I have to give thanks to Kirstyn at 24 Hour Fitness here in Hawaii, for being a great trainer and recognizing I had a hard time giving up snacks. She recommended I try out Anna’s =PROTEIN POW(D)ER! website, (thanks to Anna as well)! which has been a huge inspiration to experiment with food and nutrition. I’ve been gathering ingredients, and the first recipe I tried from her site, was for a basic wrap so I could stuff my salmon, crab, etc. into something less carby and more protein-y. I blogged about it in this post: Buzzing in the Kitchen with Psyllium Husks and Egg Whites.
I had one baked Okinawan Sweet Potato left, and knew I wanted to incorporate it into something. I started looking up recipes for protein pancakes online via google.

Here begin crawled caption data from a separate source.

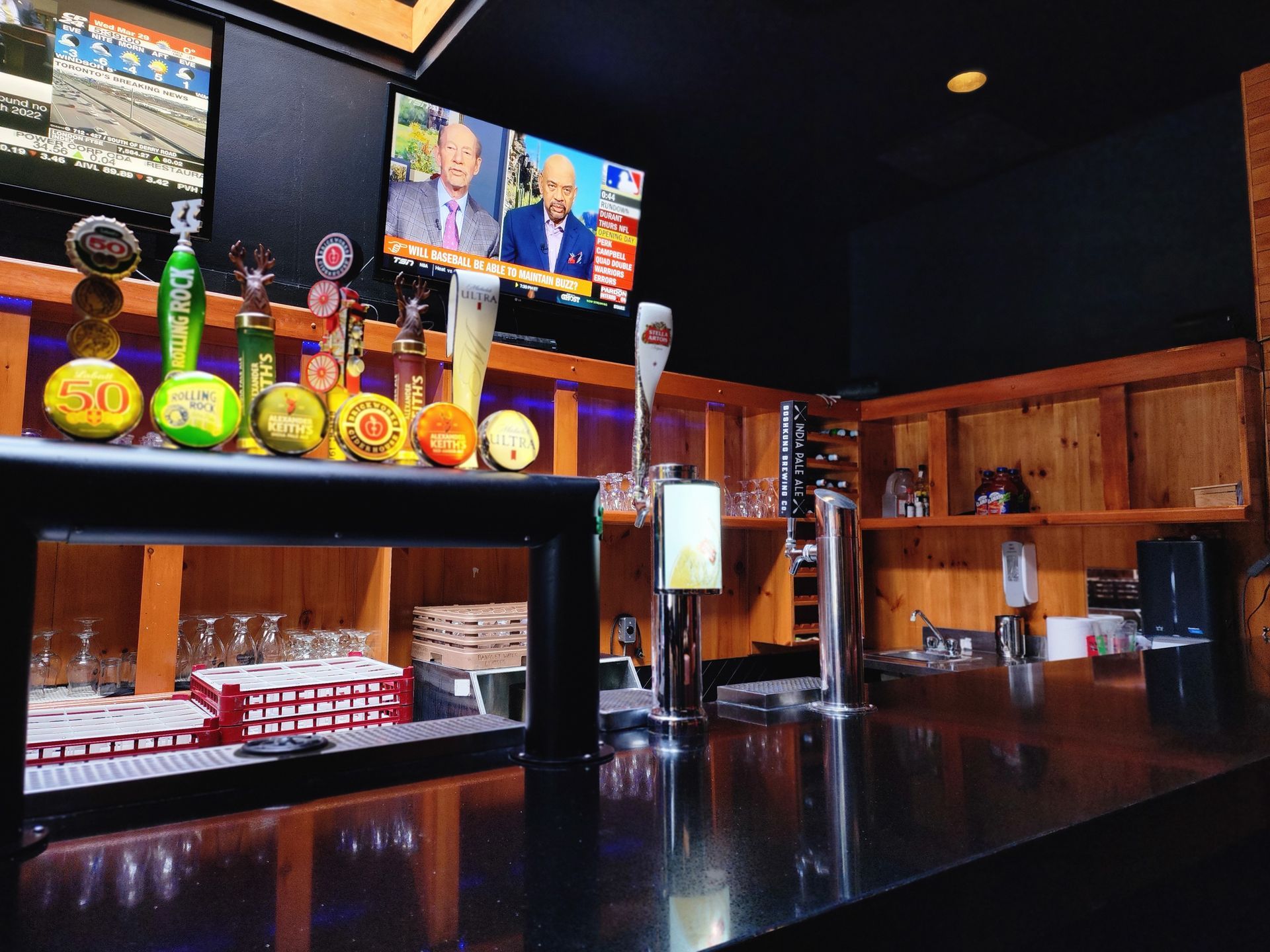 A bar with a tv on the wall that says fox news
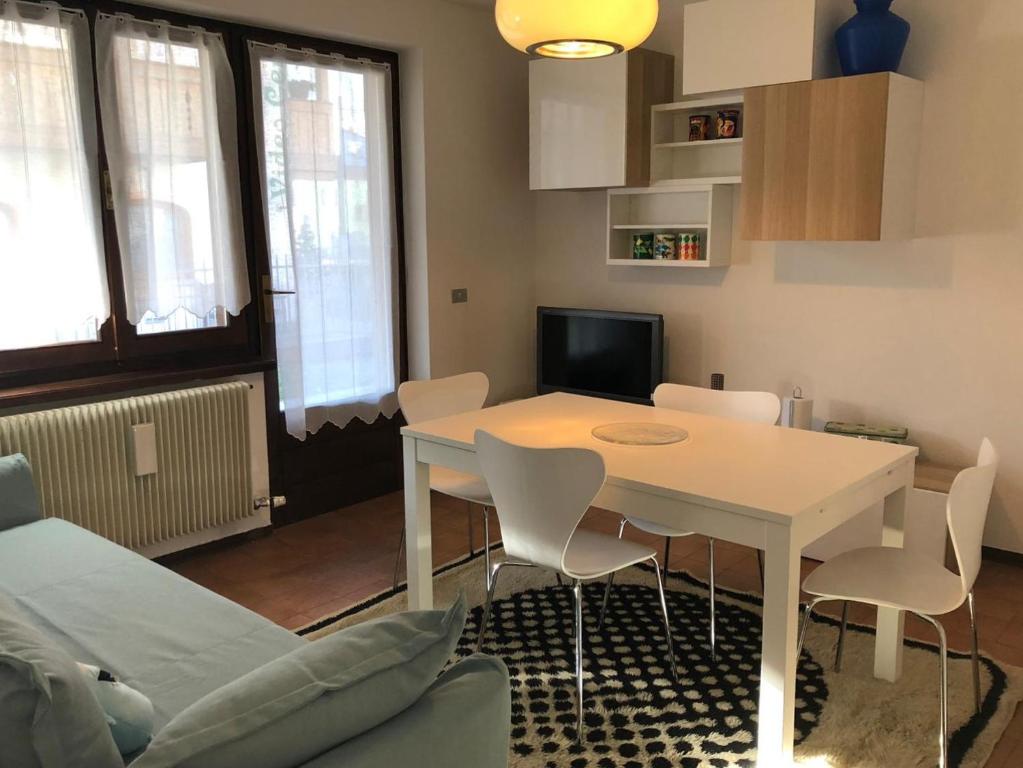 een woonkamer met een witte tafel en stoelen bij 051 Trilocale piano terra, Pinzolo in Pinzolo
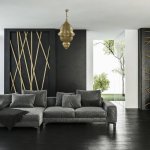 Large engraved brass pendant light 80cm hanging in contemporary living room with modern decor and gray sofa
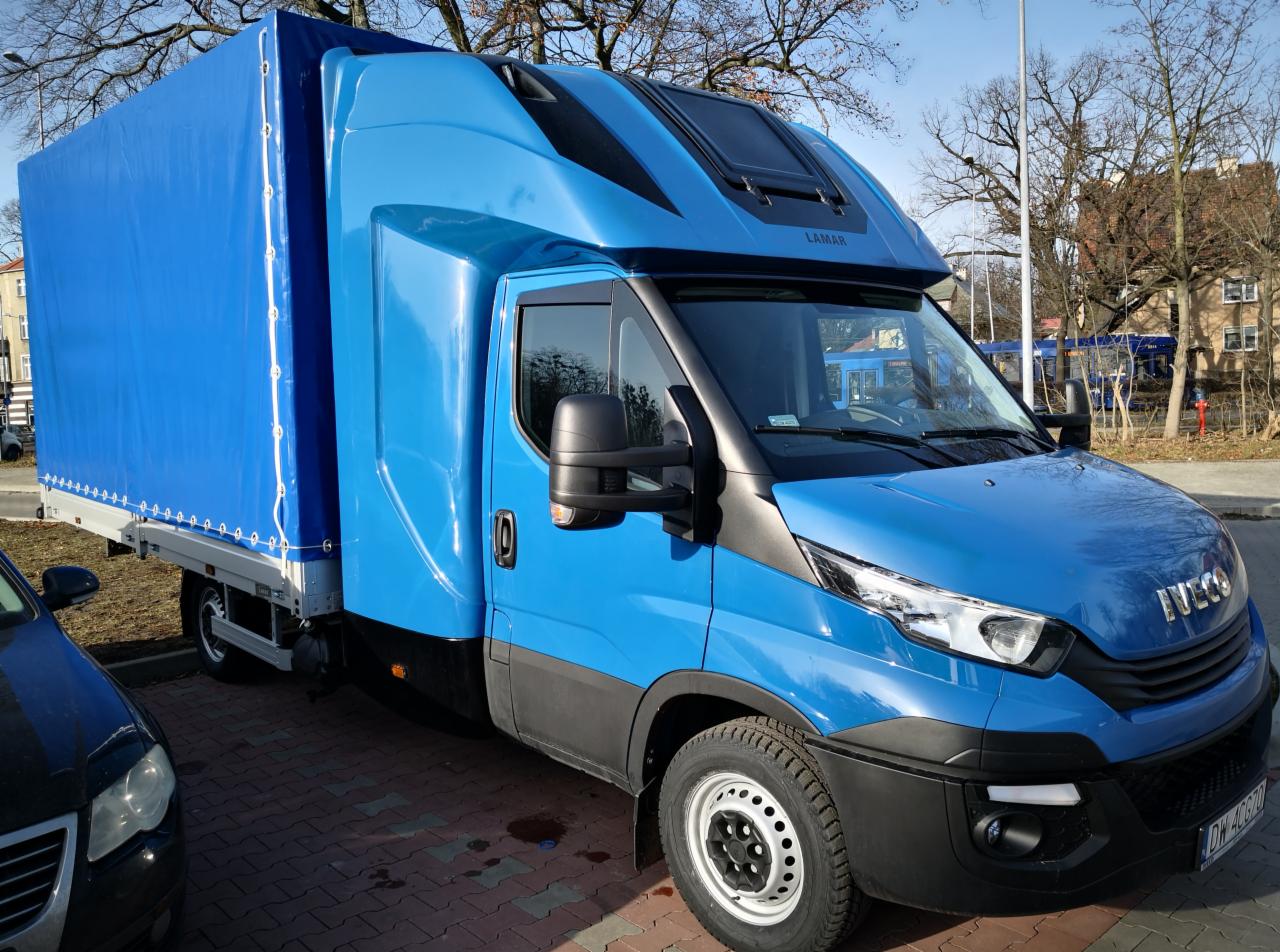 Niebieski samochód dostawczy z plandeką, marki Iveco, zaparkowany na brukowanej powierzchni, z widocznym napisem 'LAMAR' nad szybą przednią.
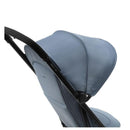 Lightweight Lagoon Blue Joolz Dot stroller showing the canopy and seat design, suitable for travel.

I didn’t have the ingredients I was seeing in most recipes, so I decided to wing it:
- 5 oz. baked okinawan sweet potato
- 2 egg whites
- 1 scoop vanilla whey protein powder (23 g)
- 1 tbsp. psyllium husks
- 2 oz. water
- coconut oil (or any other vegetable oil, or olive oil you like)
Remove skin and mash baked Okinawan Sweet potato with a fork in a cereal bowl. Add egg whites, protein powder, psyllium husks, and a sprinkle or two of cinnamon, and mix. Slowly add water until the batter has a good consistency for pancake batter.(OK to add more or less than 2 oz. of water).
Fry on both sides in a pan you’ve greased with oil. I greased my pan with coconut oil. I could smell and faintly taste the coconut oil which went well with okinawan sweet potato.
This recipe yielded 2 small pancakes for me.
My (very) estimated breakdown per pancake:
approx. 178 calories, 11.5 g protein.
*This is based off my googling and reading the labels of ingredients used to see how many calories are in everything I listed and then divided by two.
The verdict: It was OK… Not bad for my first attempt at a recipe. It probably needs more tweaking. I think most people would want to put syrup on it. Admittedly, I threw the avocado on there because of the color, and because it was also in my refrigerator. I think this would have been great with some coconut syrup oozing all over it, but I don’t have awesome stuff like coconut syrup in my apartment because I’d go nutz and eat pancakes everyday if I did. Maybe I can find a good coconut syrup recipe though, and then it will be OK.